I didn't say they had no place in the game, I said they were too low level for the benefit/advantage they produced.

As for Teleport & Raise Dead specifically:

Teleport - while you can deal with it, you can only do so to a limited degree. Once you've invaded the BBEG fortress, say for recon, you can teleport at will (barring ridiculous provisions against it) for hit and run tactics. It's cool the first time PCs do it. It becomes tedious the sixth or seventh. It also feeds the "you must pick these spells" meta-game approach. Finally, while your suggestions are good, a real issue for me is that once I spend more time planning around the PCs abilities rather than working on adventures & NPCs, my fun-quotient as a GM goes into the crapper.

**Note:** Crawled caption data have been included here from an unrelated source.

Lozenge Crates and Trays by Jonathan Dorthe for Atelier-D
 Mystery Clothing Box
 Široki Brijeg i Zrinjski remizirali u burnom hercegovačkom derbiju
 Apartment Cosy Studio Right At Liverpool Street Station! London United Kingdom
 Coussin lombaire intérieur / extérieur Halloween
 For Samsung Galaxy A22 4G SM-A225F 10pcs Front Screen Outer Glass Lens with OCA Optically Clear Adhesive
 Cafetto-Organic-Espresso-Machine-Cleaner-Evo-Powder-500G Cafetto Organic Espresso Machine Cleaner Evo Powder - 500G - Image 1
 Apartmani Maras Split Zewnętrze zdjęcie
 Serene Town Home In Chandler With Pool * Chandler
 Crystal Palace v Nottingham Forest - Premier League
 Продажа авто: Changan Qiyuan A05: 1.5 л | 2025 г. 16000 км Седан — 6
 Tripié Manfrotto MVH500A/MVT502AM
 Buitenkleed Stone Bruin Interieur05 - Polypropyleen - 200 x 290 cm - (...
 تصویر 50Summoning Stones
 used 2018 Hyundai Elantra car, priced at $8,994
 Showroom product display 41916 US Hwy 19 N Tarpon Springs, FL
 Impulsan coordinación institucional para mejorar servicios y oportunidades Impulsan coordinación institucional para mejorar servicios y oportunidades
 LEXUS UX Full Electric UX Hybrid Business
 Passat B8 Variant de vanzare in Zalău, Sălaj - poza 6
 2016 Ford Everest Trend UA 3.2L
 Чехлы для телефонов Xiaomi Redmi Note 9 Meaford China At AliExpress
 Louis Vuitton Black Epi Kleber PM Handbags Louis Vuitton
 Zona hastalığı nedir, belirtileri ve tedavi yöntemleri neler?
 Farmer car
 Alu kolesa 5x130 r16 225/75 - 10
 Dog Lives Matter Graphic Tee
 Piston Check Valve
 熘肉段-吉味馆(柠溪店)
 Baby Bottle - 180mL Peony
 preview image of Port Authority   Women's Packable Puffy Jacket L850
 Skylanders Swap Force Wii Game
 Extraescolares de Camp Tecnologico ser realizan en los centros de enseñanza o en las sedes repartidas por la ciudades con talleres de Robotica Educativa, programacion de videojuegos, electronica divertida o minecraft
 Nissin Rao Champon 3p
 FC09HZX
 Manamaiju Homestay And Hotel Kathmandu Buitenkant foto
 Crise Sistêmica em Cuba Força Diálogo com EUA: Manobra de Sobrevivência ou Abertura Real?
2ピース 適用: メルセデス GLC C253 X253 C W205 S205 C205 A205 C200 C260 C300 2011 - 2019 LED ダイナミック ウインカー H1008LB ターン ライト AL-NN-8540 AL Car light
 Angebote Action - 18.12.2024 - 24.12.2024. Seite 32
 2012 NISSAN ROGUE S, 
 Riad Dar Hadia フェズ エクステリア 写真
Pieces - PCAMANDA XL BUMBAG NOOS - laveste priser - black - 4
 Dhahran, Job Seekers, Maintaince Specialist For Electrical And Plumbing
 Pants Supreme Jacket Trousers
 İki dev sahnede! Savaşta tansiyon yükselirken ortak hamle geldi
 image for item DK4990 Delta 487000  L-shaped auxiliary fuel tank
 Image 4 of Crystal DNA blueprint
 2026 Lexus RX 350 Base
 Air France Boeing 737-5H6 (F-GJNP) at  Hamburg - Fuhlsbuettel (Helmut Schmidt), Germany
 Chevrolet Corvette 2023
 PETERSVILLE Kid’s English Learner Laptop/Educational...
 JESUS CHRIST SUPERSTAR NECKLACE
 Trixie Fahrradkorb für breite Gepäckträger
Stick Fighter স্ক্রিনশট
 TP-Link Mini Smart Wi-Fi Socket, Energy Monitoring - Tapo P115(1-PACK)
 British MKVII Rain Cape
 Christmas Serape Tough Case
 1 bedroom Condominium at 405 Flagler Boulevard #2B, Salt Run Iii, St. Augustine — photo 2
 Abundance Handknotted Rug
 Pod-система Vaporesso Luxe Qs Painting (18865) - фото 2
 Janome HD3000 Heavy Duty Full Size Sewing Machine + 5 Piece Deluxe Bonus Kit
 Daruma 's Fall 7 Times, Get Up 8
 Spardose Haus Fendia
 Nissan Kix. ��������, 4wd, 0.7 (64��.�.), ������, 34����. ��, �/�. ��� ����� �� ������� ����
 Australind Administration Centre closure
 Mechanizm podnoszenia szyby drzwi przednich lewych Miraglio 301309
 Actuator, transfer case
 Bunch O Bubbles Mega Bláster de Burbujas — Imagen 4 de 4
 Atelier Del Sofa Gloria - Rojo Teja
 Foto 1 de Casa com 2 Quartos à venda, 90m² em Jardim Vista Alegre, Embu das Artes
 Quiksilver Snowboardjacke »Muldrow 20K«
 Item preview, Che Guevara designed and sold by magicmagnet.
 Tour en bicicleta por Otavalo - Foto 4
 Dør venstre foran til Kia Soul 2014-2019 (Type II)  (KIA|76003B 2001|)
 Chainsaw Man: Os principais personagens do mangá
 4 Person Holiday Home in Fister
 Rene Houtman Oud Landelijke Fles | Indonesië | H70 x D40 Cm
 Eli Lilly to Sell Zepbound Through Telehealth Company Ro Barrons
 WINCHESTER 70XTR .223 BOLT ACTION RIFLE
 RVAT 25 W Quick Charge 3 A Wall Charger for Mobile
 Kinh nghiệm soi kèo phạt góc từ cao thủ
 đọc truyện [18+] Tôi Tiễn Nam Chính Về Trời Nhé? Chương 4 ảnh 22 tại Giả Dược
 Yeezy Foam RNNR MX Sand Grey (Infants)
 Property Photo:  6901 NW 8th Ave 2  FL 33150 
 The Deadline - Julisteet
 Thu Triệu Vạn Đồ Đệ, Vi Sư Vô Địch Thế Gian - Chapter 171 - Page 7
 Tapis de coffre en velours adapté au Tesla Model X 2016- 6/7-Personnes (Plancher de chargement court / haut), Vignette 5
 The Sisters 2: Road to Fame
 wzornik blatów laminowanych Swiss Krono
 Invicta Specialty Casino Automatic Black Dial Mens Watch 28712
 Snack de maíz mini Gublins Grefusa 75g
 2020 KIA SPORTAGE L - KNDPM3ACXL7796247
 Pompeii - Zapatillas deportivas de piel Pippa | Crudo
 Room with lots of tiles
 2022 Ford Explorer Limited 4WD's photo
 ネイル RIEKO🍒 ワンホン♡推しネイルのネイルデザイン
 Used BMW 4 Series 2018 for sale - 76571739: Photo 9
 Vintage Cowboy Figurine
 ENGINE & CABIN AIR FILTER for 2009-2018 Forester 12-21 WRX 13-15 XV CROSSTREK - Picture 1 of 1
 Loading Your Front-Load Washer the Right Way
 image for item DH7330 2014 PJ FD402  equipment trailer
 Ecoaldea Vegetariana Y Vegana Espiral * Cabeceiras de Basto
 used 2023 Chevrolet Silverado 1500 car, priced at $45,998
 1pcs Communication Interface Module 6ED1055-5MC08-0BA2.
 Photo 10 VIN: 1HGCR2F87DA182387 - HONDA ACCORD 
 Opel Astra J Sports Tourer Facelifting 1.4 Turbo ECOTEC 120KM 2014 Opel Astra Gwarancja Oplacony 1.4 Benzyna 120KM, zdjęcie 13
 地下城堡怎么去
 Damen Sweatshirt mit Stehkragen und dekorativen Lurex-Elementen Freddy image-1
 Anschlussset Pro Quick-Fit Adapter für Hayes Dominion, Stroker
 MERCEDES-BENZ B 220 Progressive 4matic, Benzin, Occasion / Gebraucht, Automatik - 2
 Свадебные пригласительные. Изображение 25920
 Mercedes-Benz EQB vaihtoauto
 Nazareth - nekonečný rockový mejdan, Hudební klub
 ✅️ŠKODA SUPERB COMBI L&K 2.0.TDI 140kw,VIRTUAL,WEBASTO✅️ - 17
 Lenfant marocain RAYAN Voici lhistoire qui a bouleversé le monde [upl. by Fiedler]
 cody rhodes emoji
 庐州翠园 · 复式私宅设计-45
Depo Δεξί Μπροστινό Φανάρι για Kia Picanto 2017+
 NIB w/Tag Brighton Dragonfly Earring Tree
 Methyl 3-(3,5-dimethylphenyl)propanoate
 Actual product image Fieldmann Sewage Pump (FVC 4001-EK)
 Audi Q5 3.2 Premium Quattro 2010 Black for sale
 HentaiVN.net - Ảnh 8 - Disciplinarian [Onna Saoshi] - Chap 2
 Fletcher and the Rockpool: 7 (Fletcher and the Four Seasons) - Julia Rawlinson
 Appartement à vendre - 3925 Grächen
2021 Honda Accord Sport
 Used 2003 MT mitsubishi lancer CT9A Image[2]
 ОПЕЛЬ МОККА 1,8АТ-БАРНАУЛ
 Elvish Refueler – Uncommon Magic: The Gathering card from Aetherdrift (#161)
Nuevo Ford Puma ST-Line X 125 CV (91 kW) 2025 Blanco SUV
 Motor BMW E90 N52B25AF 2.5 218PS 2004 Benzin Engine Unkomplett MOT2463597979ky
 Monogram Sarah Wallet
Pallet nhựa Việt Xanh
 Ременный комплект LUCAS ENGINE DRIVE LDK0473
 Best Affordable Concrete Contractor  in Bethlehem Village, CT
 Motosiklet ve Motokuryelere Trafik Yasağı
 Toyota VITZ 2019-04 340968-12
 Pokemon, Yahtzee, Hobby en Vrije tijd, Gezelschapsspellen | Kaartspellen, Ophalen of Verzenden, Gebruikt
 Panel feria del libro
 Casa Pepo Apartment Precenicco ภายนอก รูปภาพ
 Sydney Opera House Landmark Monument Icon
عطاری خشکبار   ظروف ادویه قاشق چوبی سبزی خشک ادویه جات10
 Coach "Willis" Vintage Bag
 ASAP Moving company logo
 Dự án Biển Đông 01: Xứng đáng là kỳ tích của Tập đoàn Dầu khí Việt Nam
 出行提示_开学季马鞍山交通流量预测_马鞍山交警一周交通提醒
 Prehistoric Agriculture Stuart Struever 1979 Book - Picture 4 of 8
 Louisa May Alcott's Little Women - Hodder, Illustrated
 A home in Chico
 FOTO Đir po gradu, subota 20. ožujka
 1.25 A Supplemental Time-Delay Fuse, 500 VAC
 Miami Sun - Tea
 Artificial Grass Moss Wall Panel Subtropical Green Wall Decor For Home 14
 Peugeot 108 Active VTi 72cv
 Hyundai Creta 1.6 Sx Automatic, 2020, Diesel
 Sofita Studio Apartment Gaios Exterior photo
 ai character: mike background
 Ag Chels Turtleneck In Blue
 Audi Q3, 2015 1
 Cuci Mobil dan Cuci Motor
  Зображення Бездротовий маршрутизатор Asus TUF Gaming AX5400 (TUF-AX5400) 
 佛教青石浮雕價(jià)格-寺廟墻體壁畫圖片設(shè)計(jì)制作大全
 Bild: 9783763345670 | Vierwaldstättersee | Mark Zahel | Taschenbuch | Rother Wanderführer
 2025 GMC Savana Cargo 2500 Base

Raise Dead - cheapens the whole experience. Raise Dead shouldn't be equivalent to a heal spell. The death of a character should be a big deal. There are a variety of additional mechanics available ranging from Action Points, to Fate Points, to Cheating Death rules that are more thematically appropriate to thwarting a bad roll than the following, all-too common scenario:

<Distraught PC> Sniff. "Bob's dead!"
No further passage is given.